People stand around confused for the first two songs, then gradually realize they're watching something genuinely weird happen. Claypool's bass does impossible things. Crowds get quietly invested in where this is going. No mosh pits. Mostly just sustained attention and occasional bursts of recognition.

Known for The Big Eyeball in the Sky, Holy Mackerel, Brain to Mouth, Rhinosaur, Me in Honey

Les Claypool's Frog Brigade rolled through Dallas in June 2023 at Music Hall at Fair Park, delivering a set that proved why this project remains endlessly inventive. They opened with "When Johnny Comes Marching Home" and immediately pivoted into the kind of genre-bending terrain they've staked out for decades — Claypool's fretless bass anchoring everything from the dual-movement complexity of "Cricket and the Genie" to a full-throttle run through Pink Floyd's "Animals" suite. Eighteen songs in, they closed with "Pure Imagination," which felt less like a Willy Wonka callback and more like the natural culmination of a band that treats every song as a puzzle to be deconstructed and reassembled. Deep cuts like "Buzzards of Green Hill" and "Cosmic Highway" showed they're still interested in the weird corners of their catalog, not just the through-lines.

Dallas has long been a rock city with eclectic tastes, from its blues and country roots to the more experimental acts that find their way through venues like Fair Park. The Frog Brigade's brand of virtuosic weirdness—part prog, part jam, part pure sonic anthropology—fits into a Dallas tradition of musicians who refuse easy categorization. It's the kind of city that'll show up for something that doesn't fit neatly into a box.

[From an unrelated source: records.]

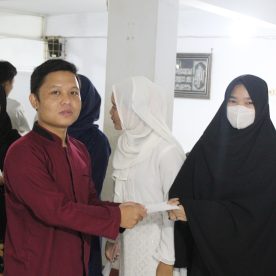 Penyerahan Santunan dari Perwakilan SMK Al-Munir Kepada Siswa/i SMK Al-Munir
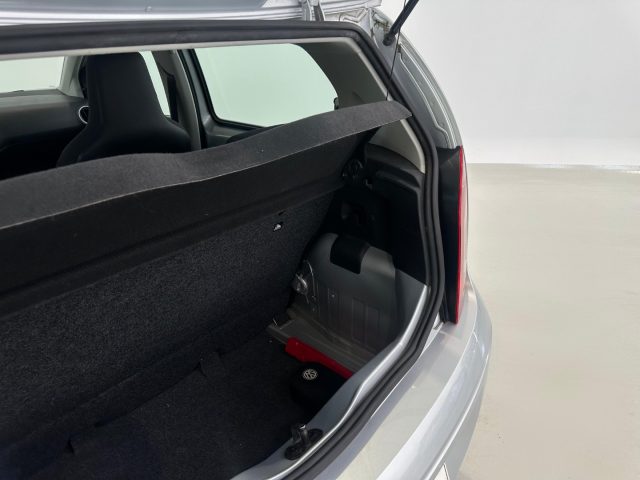 VOLKSWAGEN up! usata, con Sistema di navigazione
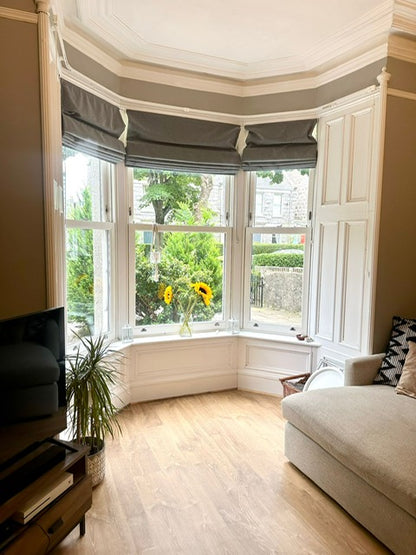 5 bed semi detached house
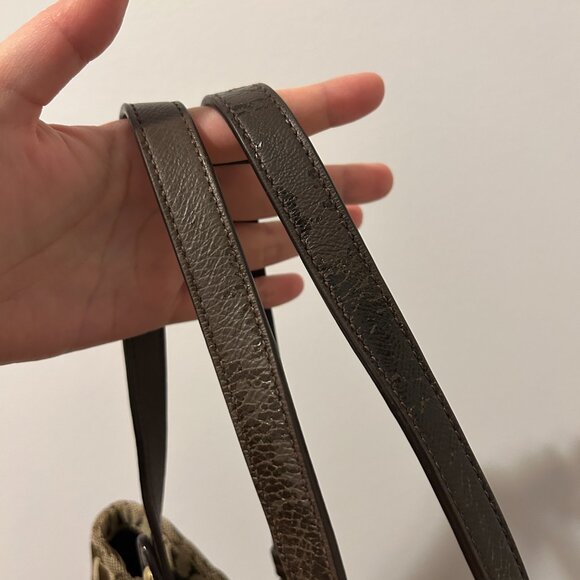 Coach Gallery Tote in Signature Canvas - Picture 6 of 6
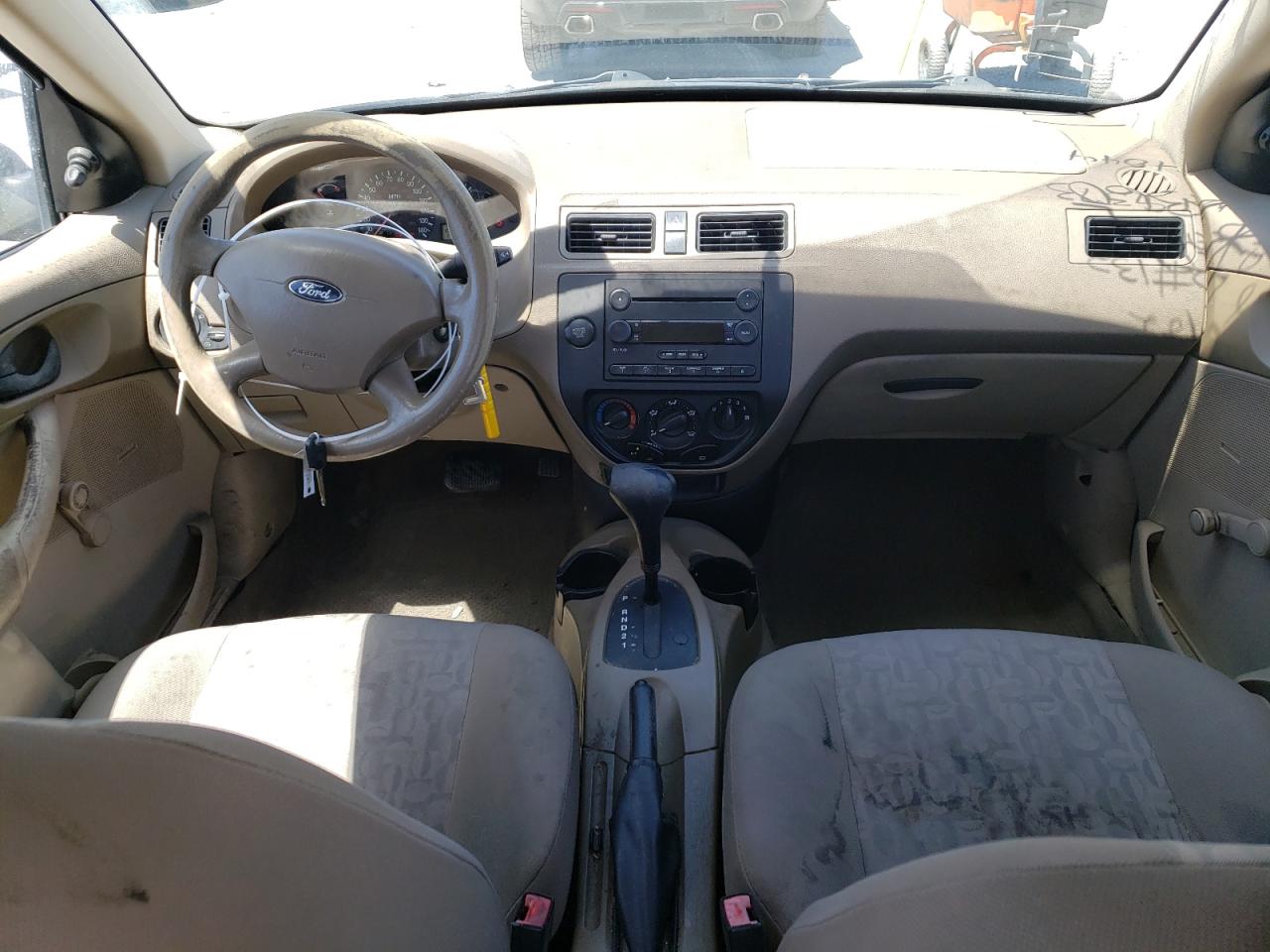 Photo 9 from auction – 2005 FORD FOCUS ZX4 with VIN 1FAFP34N65W276206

Stay in Uptown or the Design District — both have actual walkability and better restaurants than most of the city. Hit Uchi for inventive Japanese food before the show, or Mister Charles for French-leaning bistro cooking. Spend an afternoon in the Nasher Sculpture Center if you want something quieter; it's genuinely good and way less crowded than you'd expect. Deep Ellum's worth walking through for the murals and general vibe, though keep expectations modest. The Sixth Floor Museum covers JFK's assassination if you want something weightier. Catch drinks somewhere in Bishop Arts before heading to the venue.